[The following is a reprint of an article in The W. D. Gann Technical Review , written by Billy Jones in August 1982.]
Throughout the years of studying Gann, I have learned many valuable techniques by spending hours pouring over his charts and scrutinizing every number and every angle that he drew. One such technique is what I call the "gap theory".
On some Gann charts, I noticed that Gann had drawn lines up through gaps from nearby bottoms, and drawn lines down through gaps from nearby tops. Quite often two, three, or more gaps would intersect at some point/price in the future, and to my surprise, the stock or commodity would trade back up (or down) to the price where the gap lines crossed!
To better illustrate this gap theory, I have pictured two May Orange Juice Weekly charts from 1979 to 1981. They show you how you could have foreseen the rise in orange juice prices because of the gap theory.
Take chart A and where prices gap down, draw a line from the nearest accessible bottom through the gap so that the line touches the bottom of the gap. This gives you your Least Gap Line. Sometime in the future, prices will at least return to this line.
If you draw a line from the nearest accessible bottom through the gap so that it touches the top of the gap, this line indicates that prices could even go as high as that line. But it is the Least Gap Line that is important.
The importance of these gap lines is when you have two or more gap lines meet. The more gap lines you have crossing at a certain place and time, the stronger the indication that prices will reach that price at that time.
The reverse of all this is gaps up in the market. Draw lines from the nearest accessible top down through the gap to give you an idea where prices will return to.
Important ö gaps that occur because of change of contracts do not count as gaps and are not to be used in the gap theory.

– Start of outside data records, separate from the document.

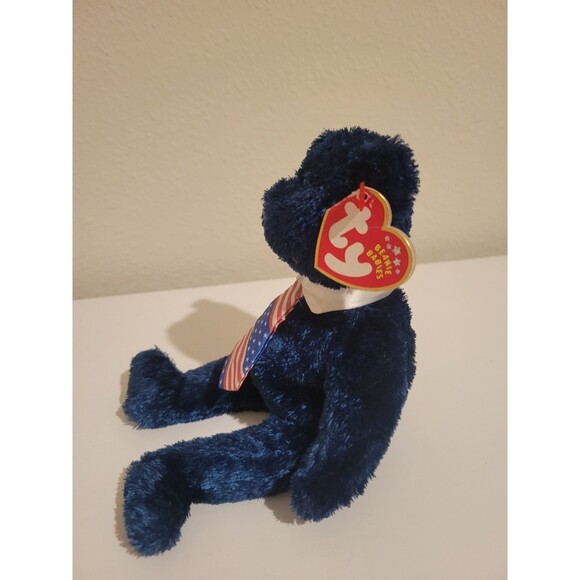 TY Beanie Baby Pops Father's Day 2002 Blue New with Tags - Picture 4 of 5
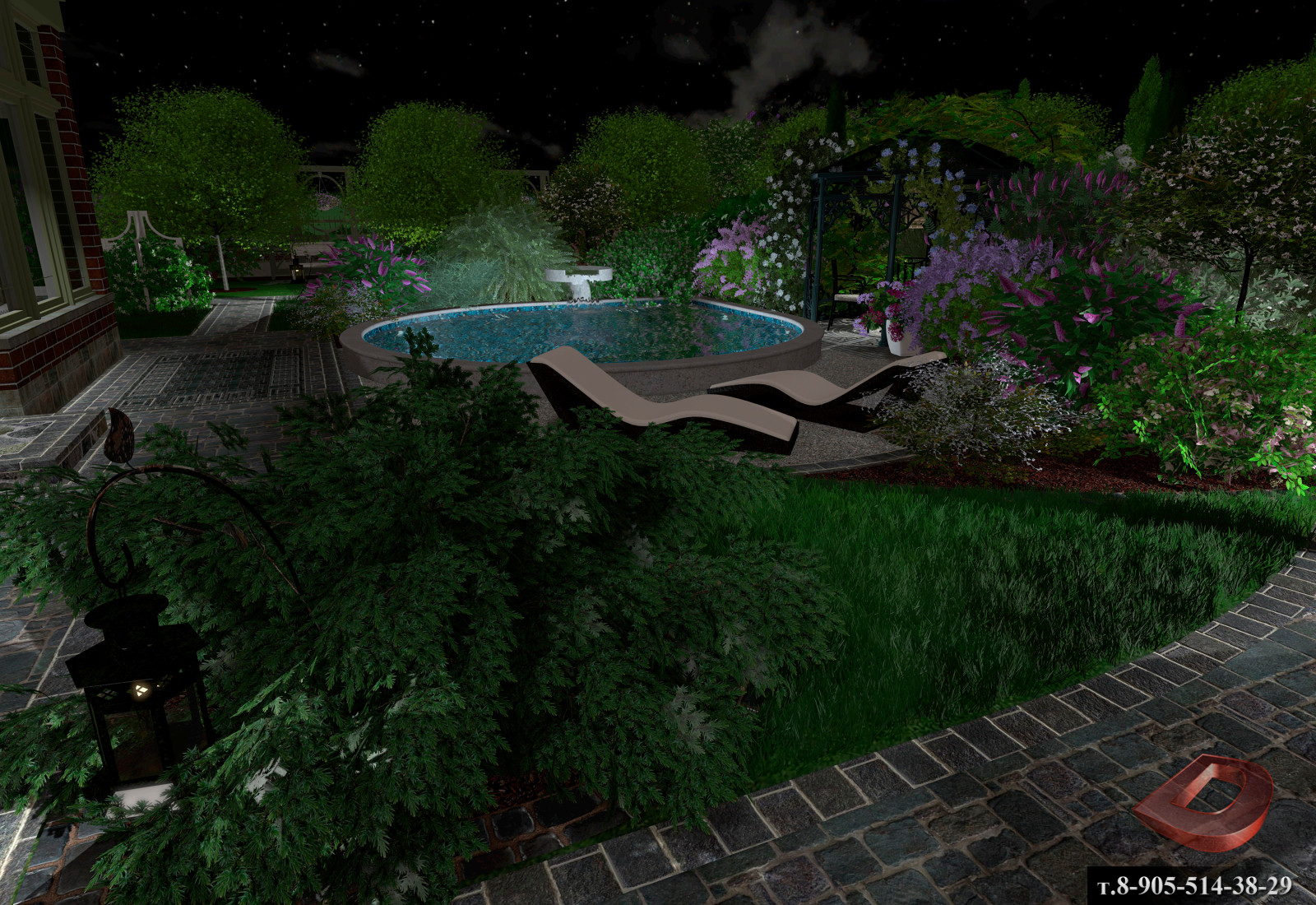 Проект ландшафтного дизайна участка 15,5 соток, Прибалтика , 2019г.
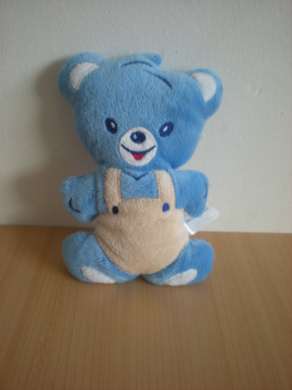 Doudou Ours Nestle Bleu beige 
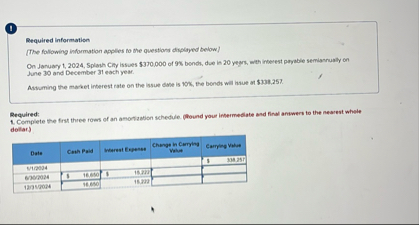 1 Bequired information [ The following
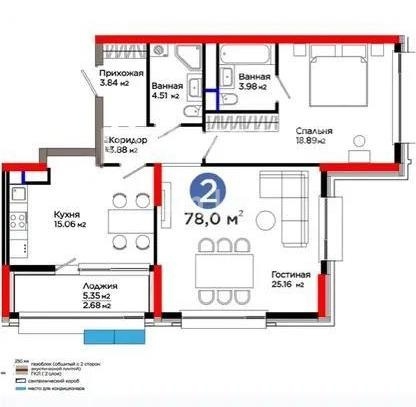 Продажа 2-комнатной квартиры, 78 м², ул. Рыскулова, дом  3 - Продажа квартир в новостройках Астаны без посредников с фото фото 1 из 1
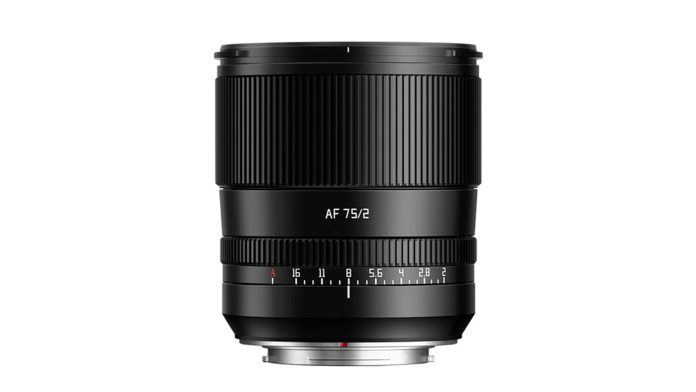TTArtisan AF 75mm F2 prime lens for Fujifilm X-mount cameras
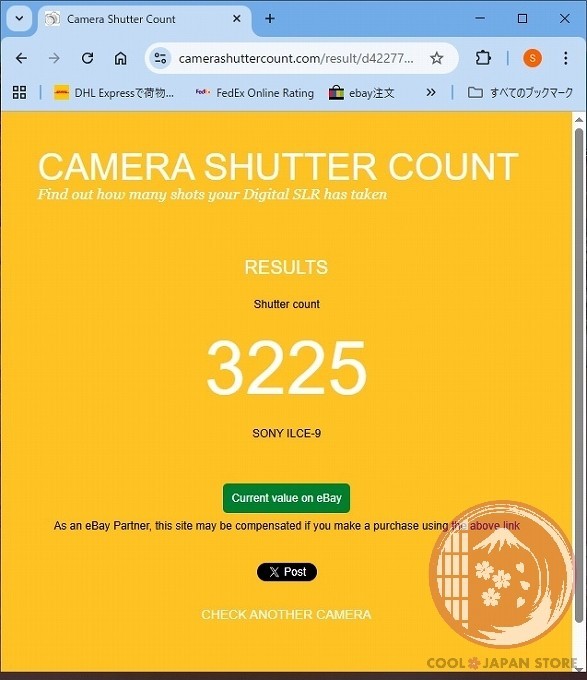 DDU[ 3225 shots MINT+ w/ GP-X1EM Strap ] Sony a9 ILCE-9 Mirrorless Camera Cj13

Also, the gap theory works the best on weekly charts.
As you can see from Chart B, four gap lines crossed at about the same price (146) and time (February 6, 1981) which was a very strong indication that prices would reach this level. And what a move it was when prices did reach 145 1/2!
As with all Gann techniques, this gap theory should be used in conjunction with other Gann techniques. You shouldn't trade off of only one technique.